There was a time when the housing collapse narrative described a handful of way overinflated markets pulling down all home prices somewhat, but those particular locations felt most of the pain. That's no longer quite right: home prices have declined in cities beyond Florida, California, Nevada, and Arizona. Recently, other locations have begun seeing bigger home value drops than the usual suspects. What's changed?
In a New York Times article today, David Streitfeld explains the shift:
The bubble markets, where builders, buyers and banks ran wild, began falling first, economists say, so they are close to the end of the cycle and in some cases on their way back up. Nearly everyone else still has another season of pain.
"When I go out and talk to people around town, they say, 'Wow, I thought we were going to have a 12 percent correction and call it a day,' " said Stan Humphries, chief economist for the housing site Zillow, which is based in Seattle. "But this thing just keeps on going."
This can be mostly explained in a word: unemployment. Although wacky and subprime mortgage products were responsible for the early foreclosures, severe joblessness began to take over as the driving factor for struggling homeowners in 2009. Since the unemployment rate remains stubbornly high, those who own a home but have lost their income are increasingly having trouble paying their mortgages.
This much is clear to anyone who has been following foreclosure activity for the past few years. In 2010, compared to 2009, some bubble states saw declining foreclosure activity, while some others who have been struggling with high unemployment have experienced foreclosure growth. In fact, most of the subprime foreclosures occurred relatively early on, so what we're seeing now is more driven by the tough economy.
And that extends beyond just unemployment. As banks have tightened their underwriting and potential buyers have decided to exit the market for the time being due to economic nervousness, sales have plummeted over the past year. The supply of for-sale homes in areas less fazed by the housing bubble began to grow due to lackluster sales, and downward pressure on prices has resulted.
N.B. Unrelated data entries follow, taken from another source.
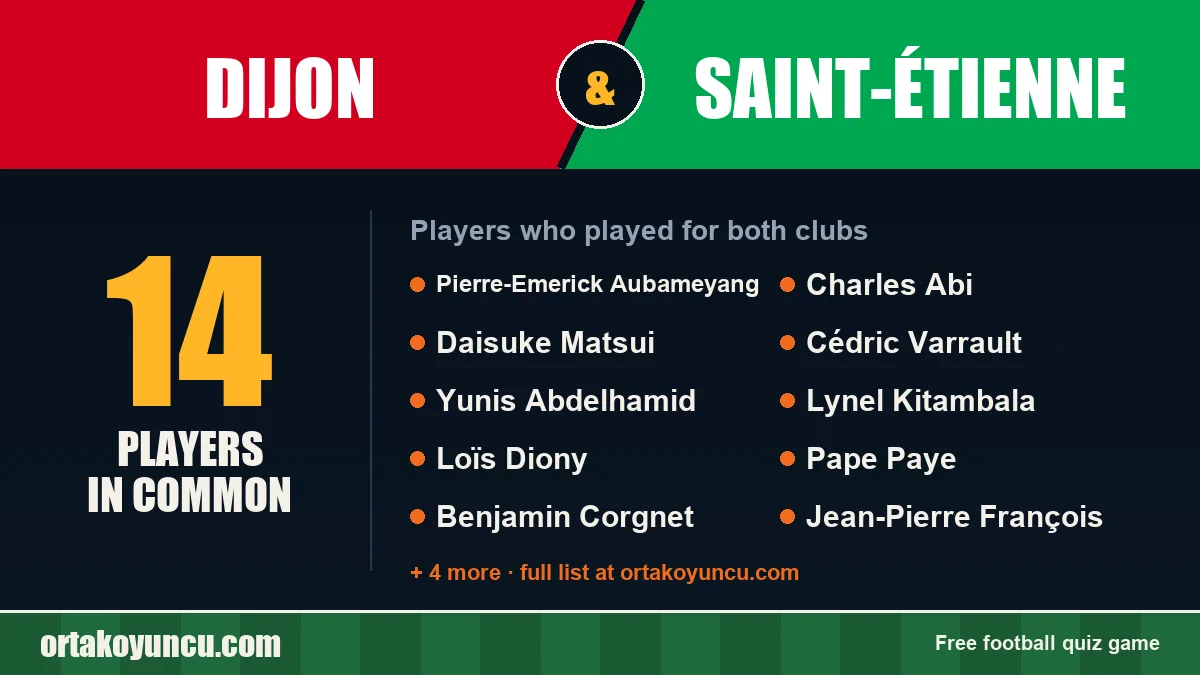 Players who played for both Dijon and Saint-Étienne: 14 players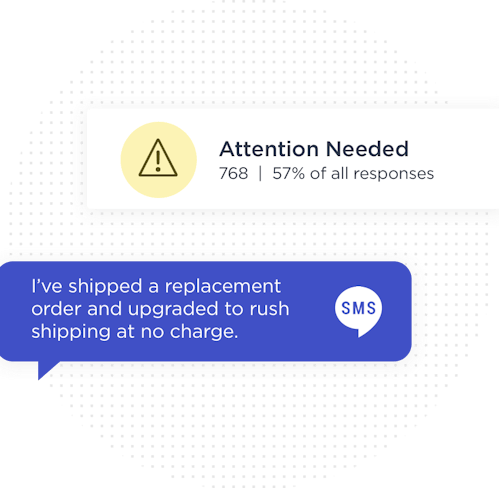 Medallia Customer Experience And Employee Experience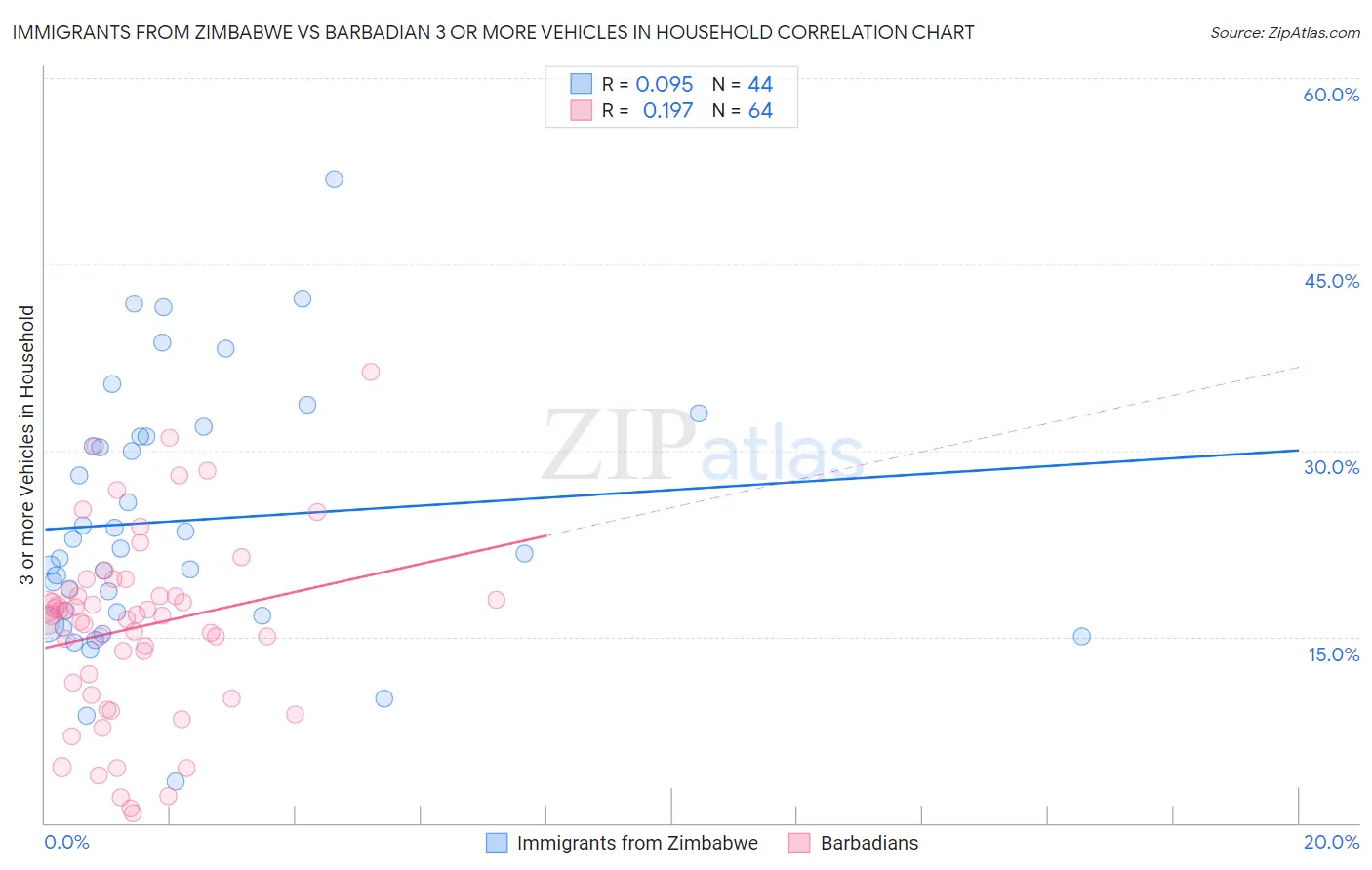 Immigrants from Zimbabwe vs Barbadian 3 or more Vehicles in Household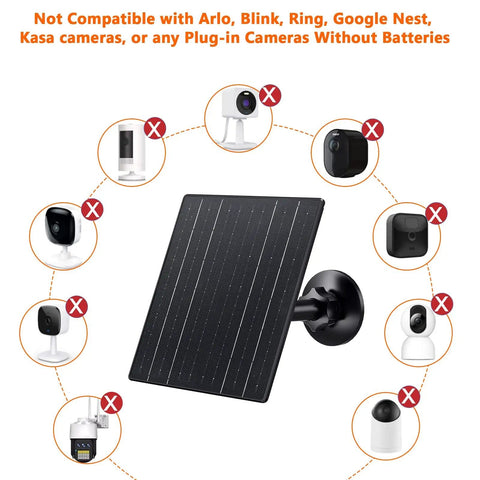 10W Solar Panel Charger For 5V Cameras With USB C, Micro USB, And DC Adapters showing compatible and incompatible devices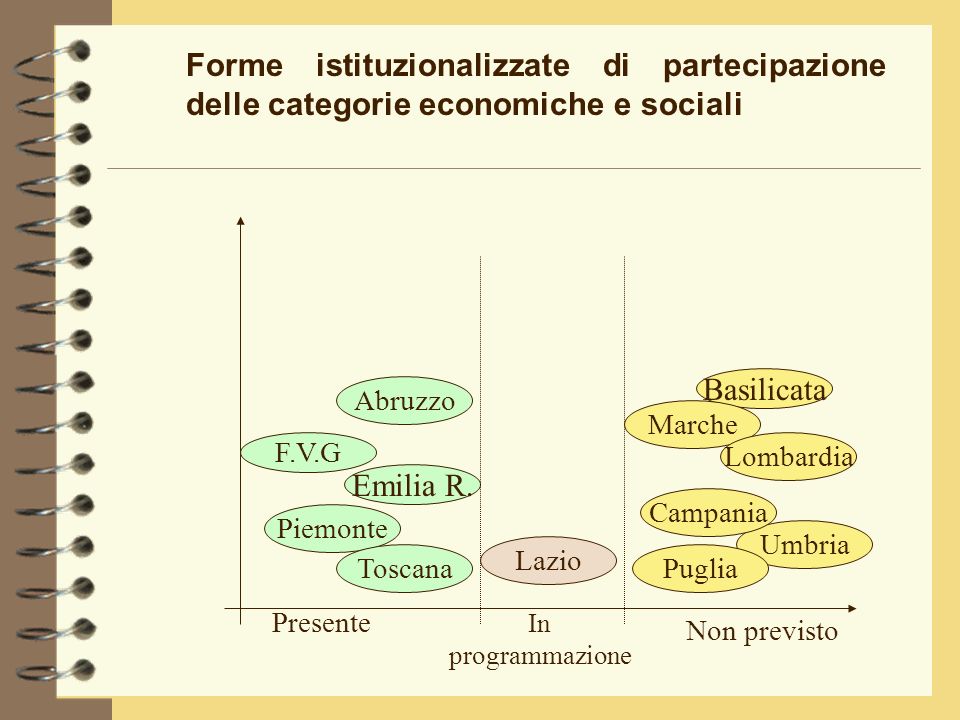 Forme istituzionalizzate di partecipazione delle categorie economiche e sociali Emilia R.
This economic recovery will have to occur in spite of the housing market, rather than because of it. Until unemployment declines and consumer sentiment improves considerably, home sales should remain quite low and supply should remain relatively high. That means falling home prices will be more common than rising prices for the time being. But once the broader economy turns around, the areas that saw their home inventory increase by fewer homes will fare better than those where inventories swelled. And that should translate into an easier home price recovery for those locations more distant from the housing bubble and a more difficult price recovery for those at its center.